Everyone always says they envy me for living in Los Angeles because of all the sunshine. But the climate here during the last four or five years bears very little resemblance to what it was like about a quarter century ago, when I first move to the hills.
There was always a phenomenon called "June gloom." It was a kind of foggy period every morning that lasted four to six weeks; it's the reason I almost never went body boarding until July. No big deal-- my friends told me all about it when I first moved here.
Now it is constant. I have an old plastic barometer that I bought in a big box store about 15 years ago; it still sits in a dusty corner of out back porch. It is now extremely rare that max humidity is less than 75% in the morning, and it's usually 80% and often 90%.
Another day today when
I cannot see to the other side of the canyon. The fog is that thick, and this now happens three to five days per week, all year round. In early December, we went to Palm Springs for the weekend; my wife and I were stunned because neither of us had ever felt humidity like that in the desert.

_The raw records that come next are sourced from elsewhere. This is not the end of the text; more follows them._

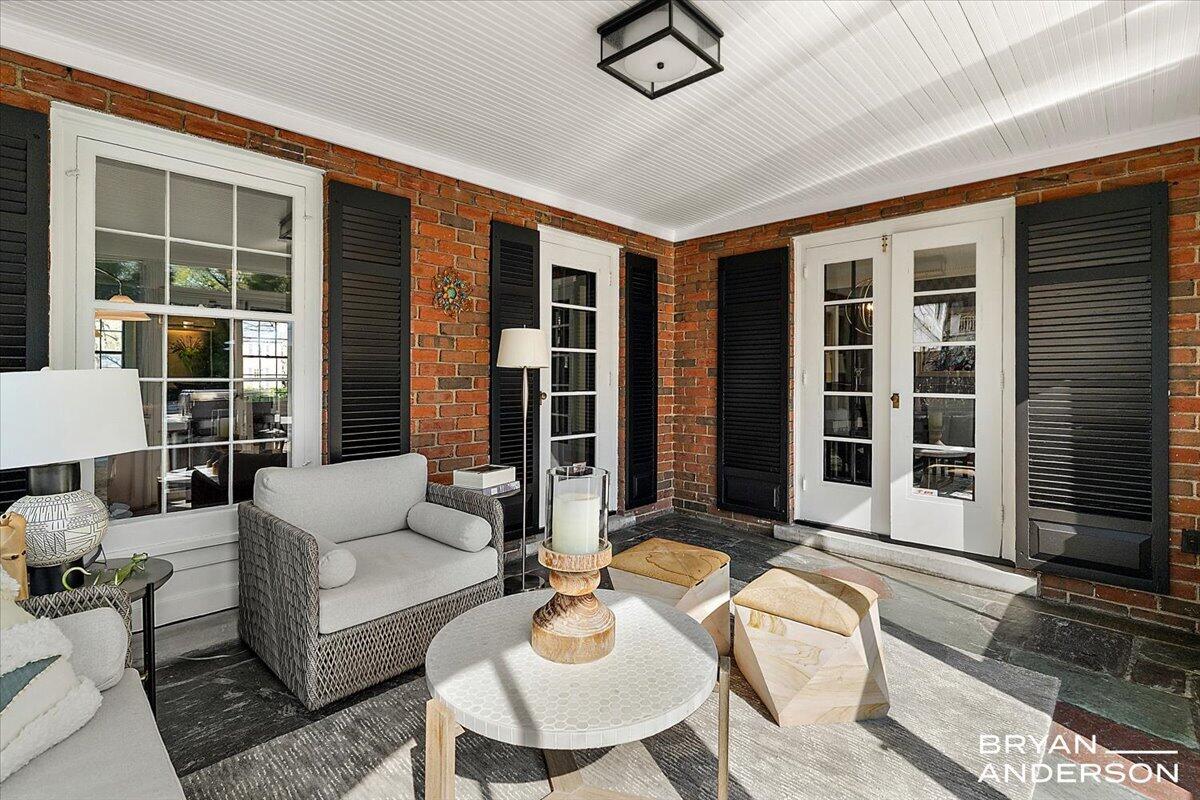 904 Plymouth Avenue, Grand Rapids, MI, 49506-6524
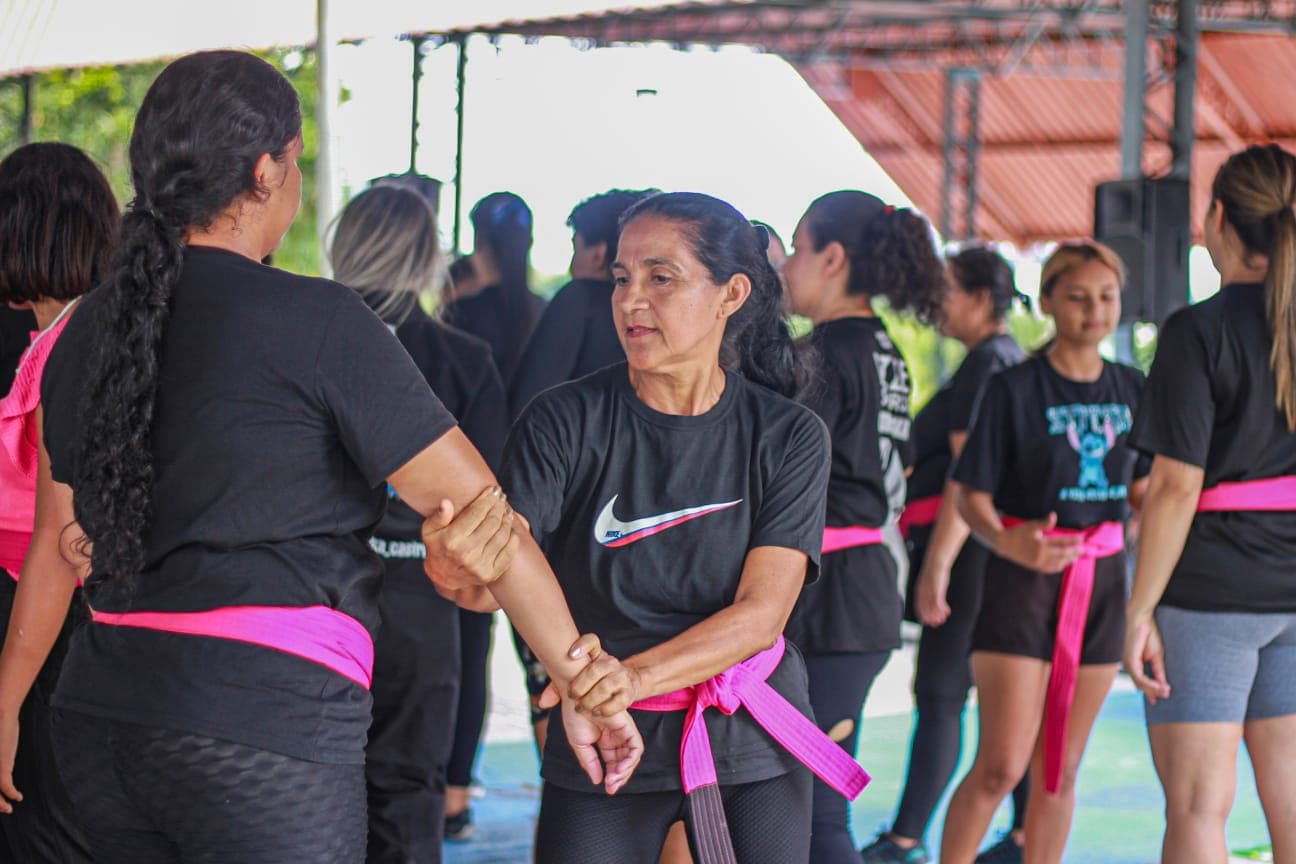 Vila Olímpica de Manaus recebe aulão gratuito de defesa pessoal feminina neste domingo (21/12)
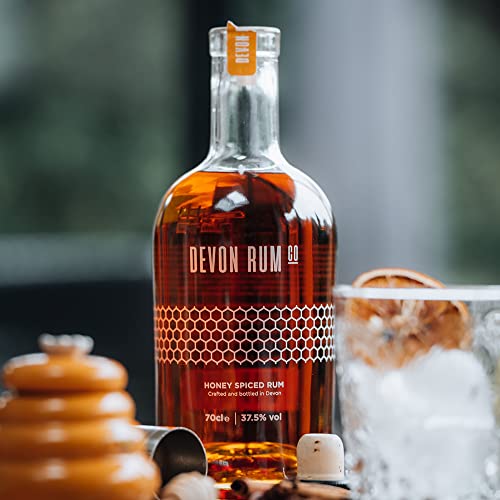Devon Rum Co. Honey Spiced Rum | Hand - Crafted with Exotic Caribbean Rums, Fresh Devon Honey, Subtle Spices and Citrus | 37.5% ABV | 70cl - Craft & Spiced Rum Box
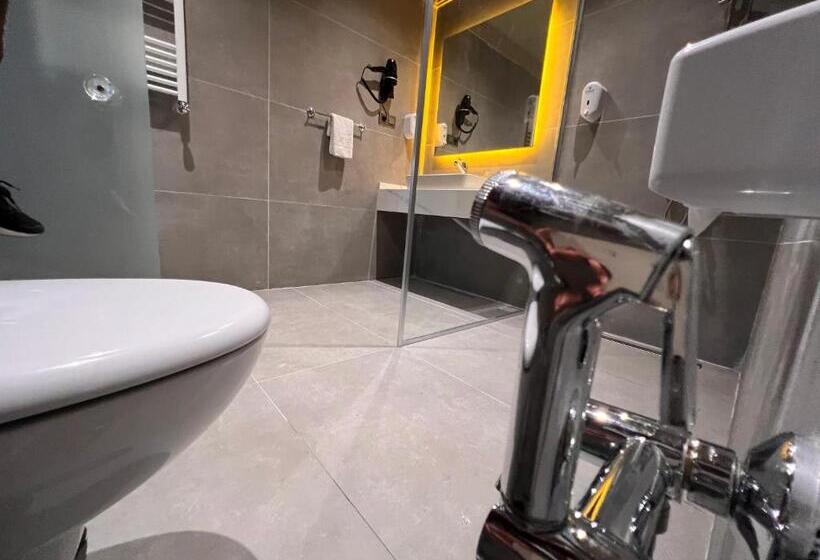 酒店 Real King Suite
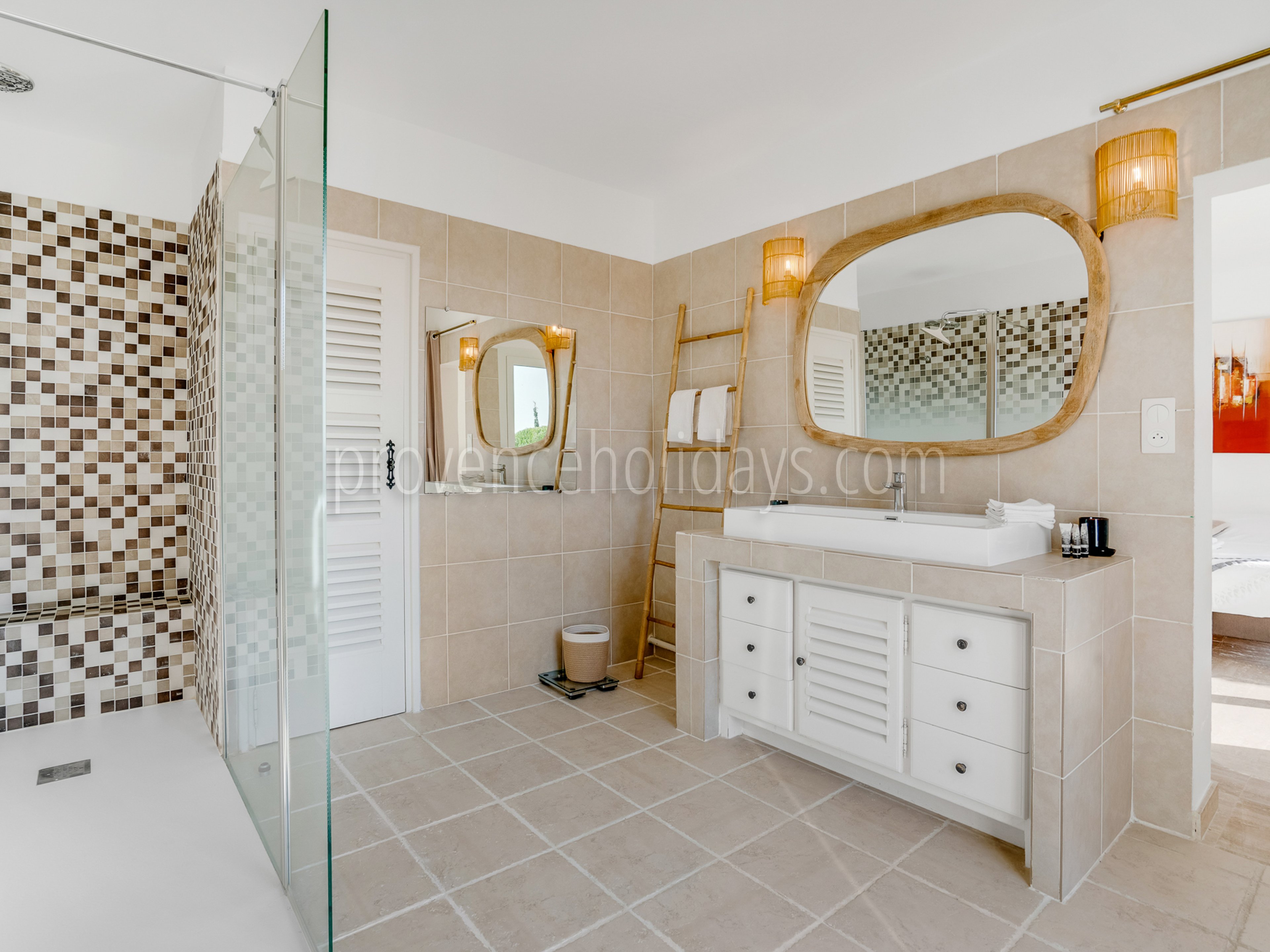 28 - Azur Sérénité: Villa: Bathroom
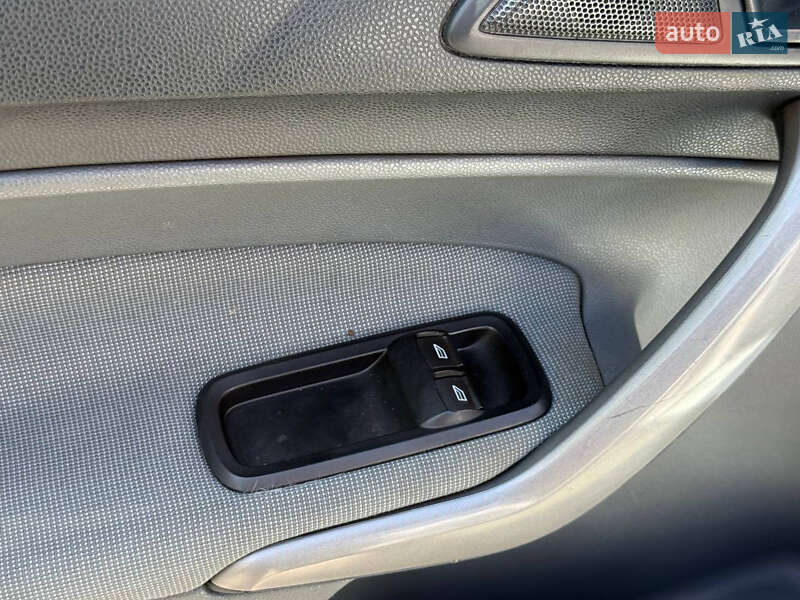 Хэтчбек Ford Fiesta 2010 в Днепре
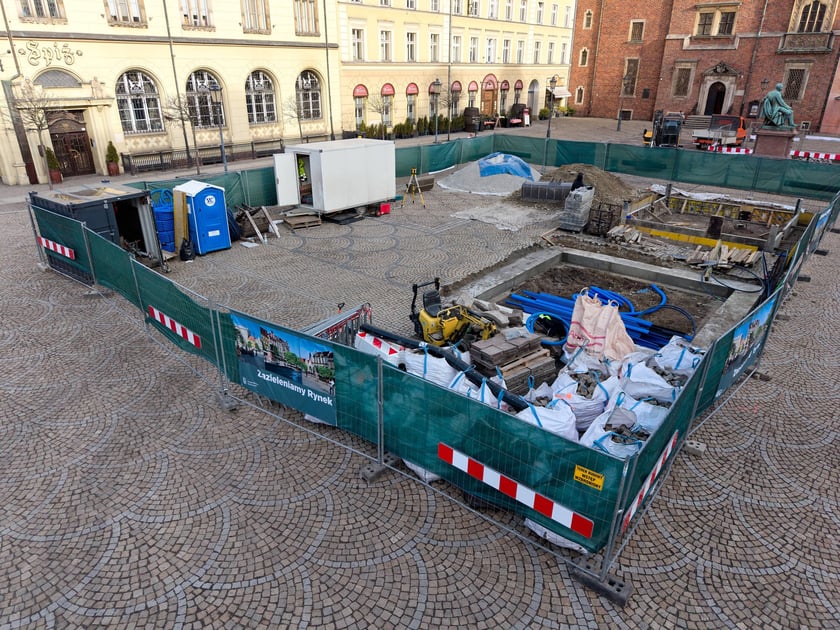 Prace przy zazielenieniu Rynku, 11.02.2026.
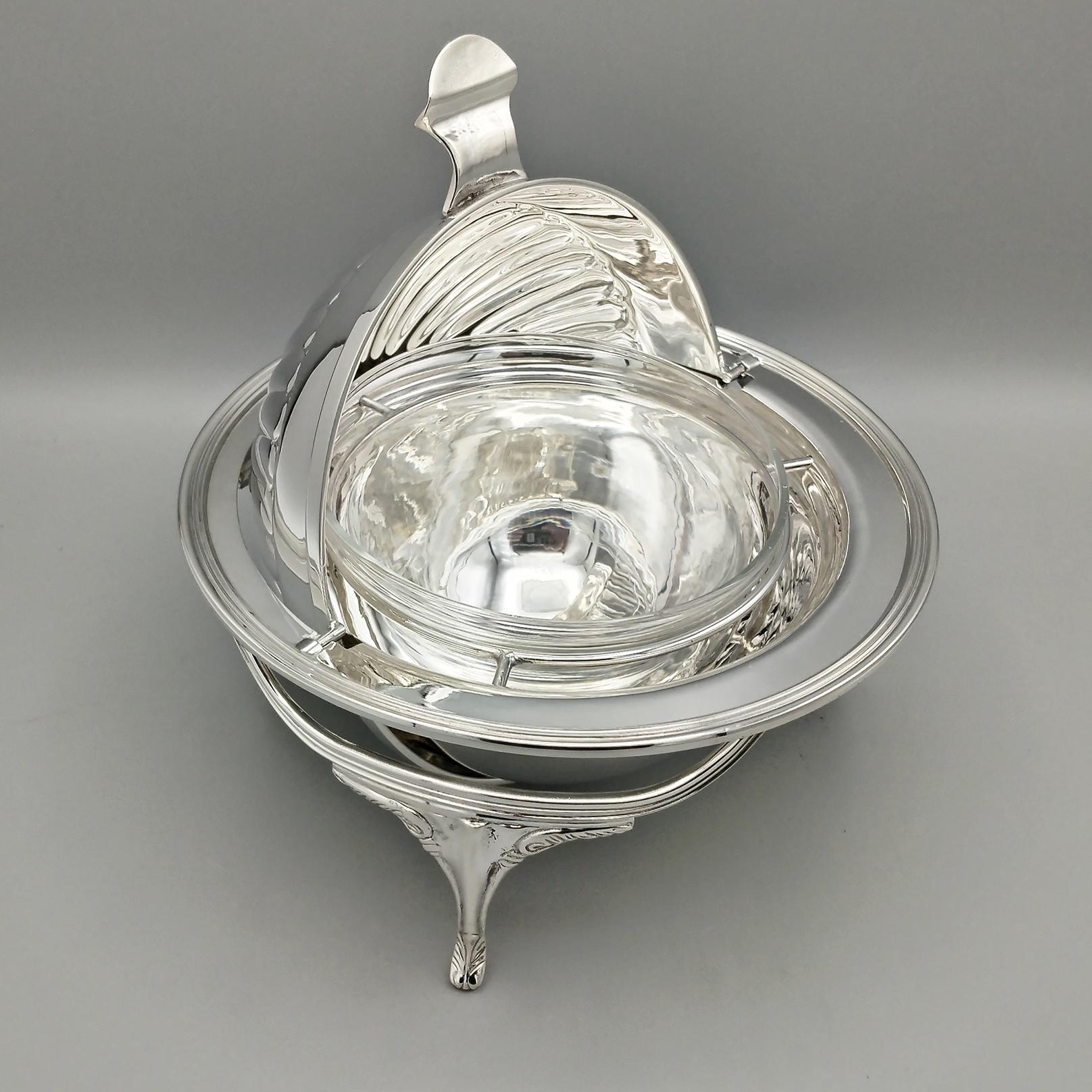 Late 20th Century Support à caviar italien du XXème siècle en argent massif 800 en vente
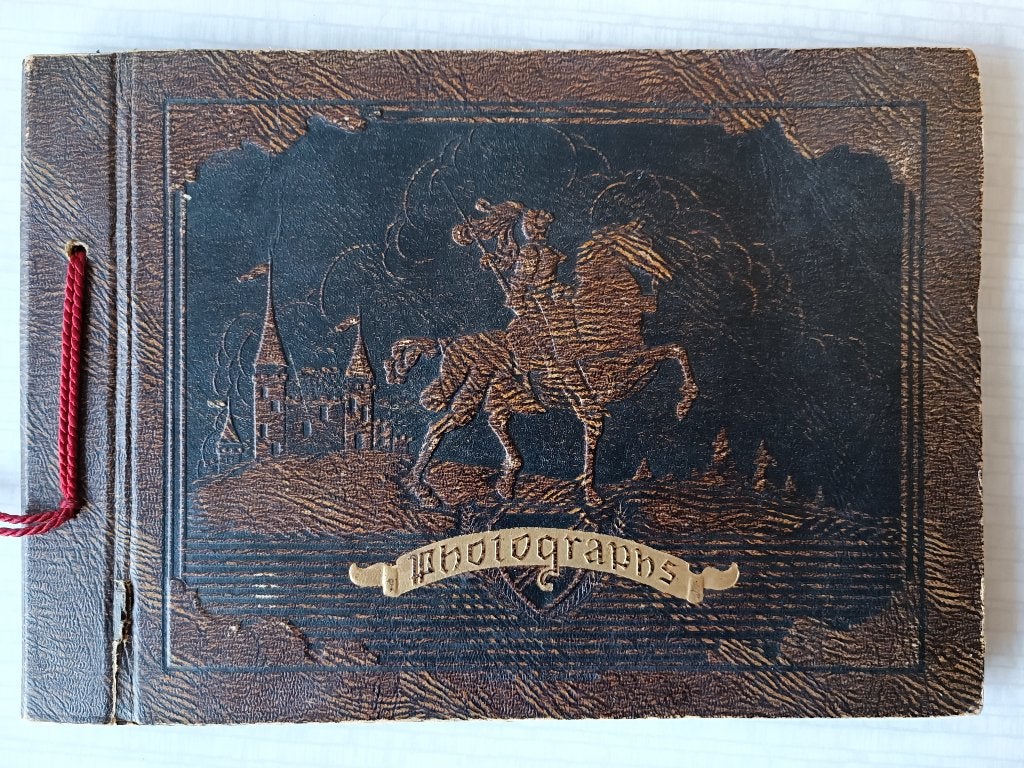 Vintage fotoalbum verzamelobject met kleurplaten, Ophalen of Verzenden, Onbekend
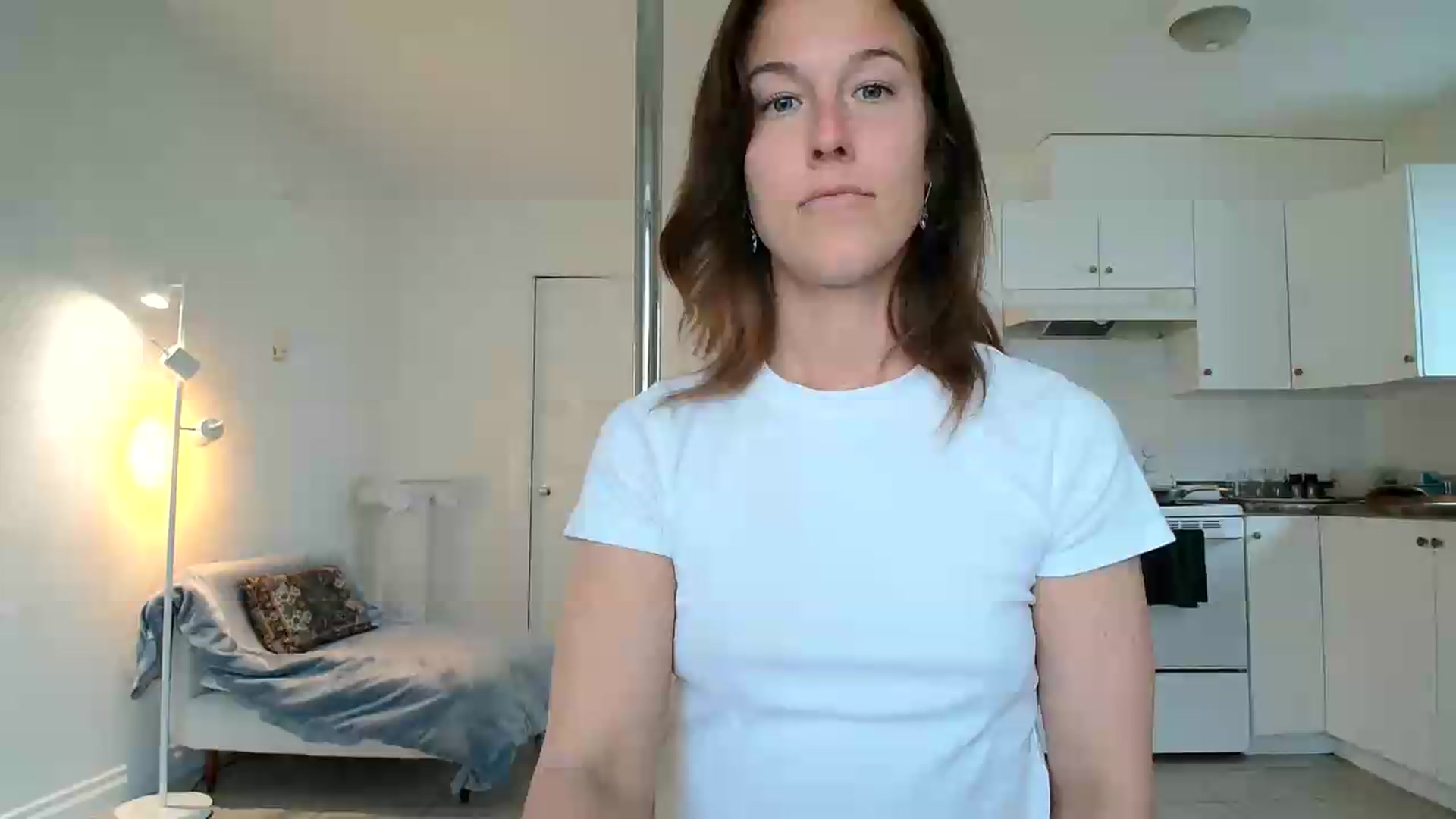 Gallery image thumbnail from ClitorisQueen's myfreecams stream on, 05/19/2026, 17:07 image 16 of 20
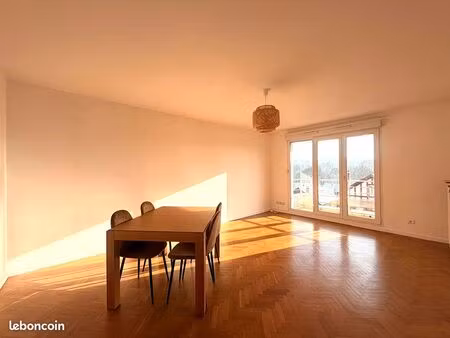 appartement 3 pièces 63 m²
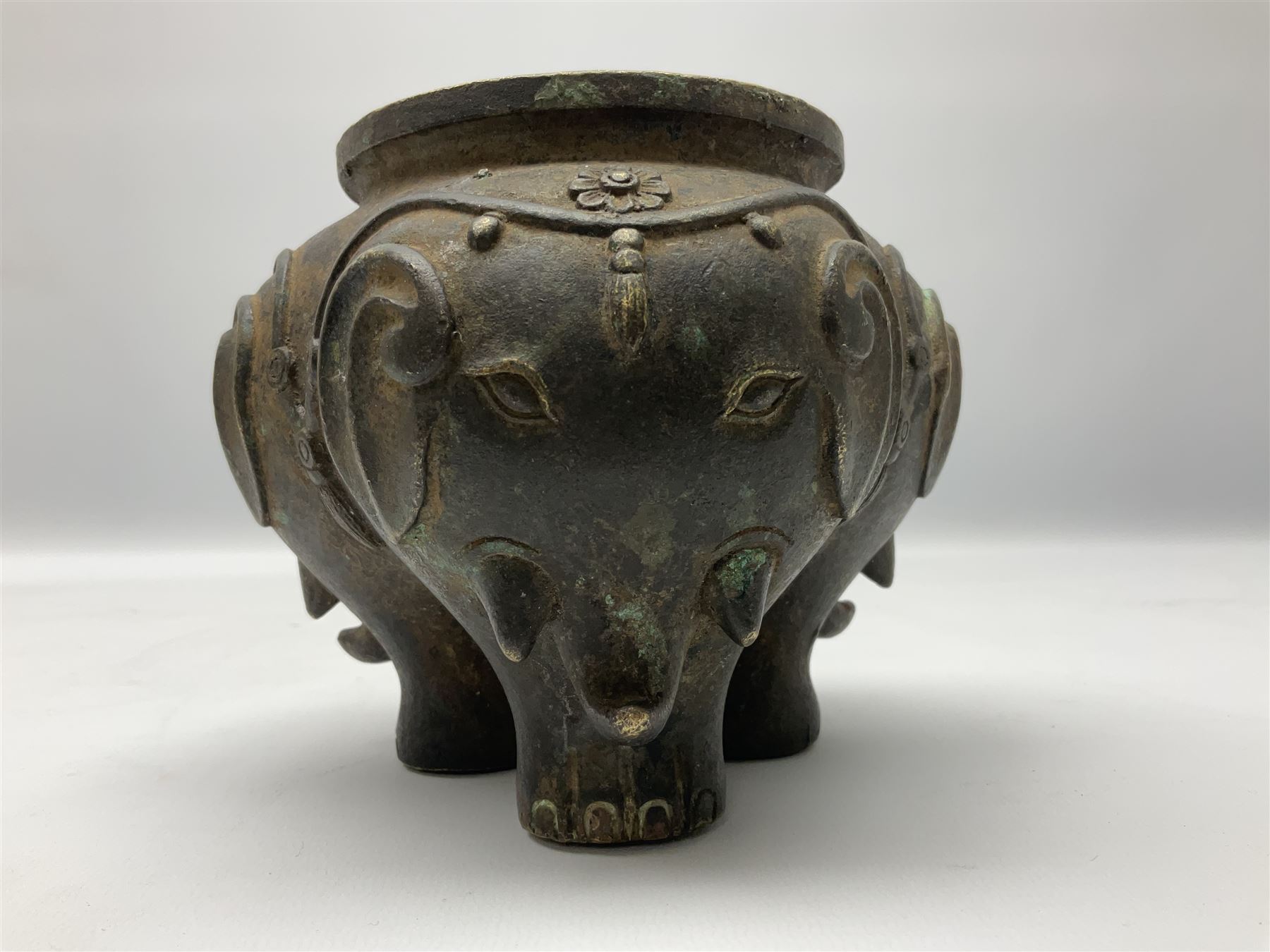 Chinese Qing dynasty bronze elephant censer - Image 6 of 13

When it was 80 degrees out, it felt like stepping out of the subway in June in Manhattan.
It snows here now-- in downtown Los Angeles, in Santa Monica, just a light dusting-- about every other year, and people post pictures of it on the news and call it hail. That's... not something that happened for the first 25 years I lived in Los Angeles. WTF-- am I the only person in L.A. who grew up in the northeast? If we saw that stuff dusting the cars in New York, we would call that
snow.
It is like the folks living in tent cities on the streets. Why are all walking around, going to work every day (or working at home) and acting sh*t is normal when it's definitely not normal? When will we start noticing? What needs to happen?
If there was a flying saucer a quarter mile in diameter parked over downtown, I think people would just say, "Hey, check out that blimp!" or maybe "Cool promo for Men In Black V."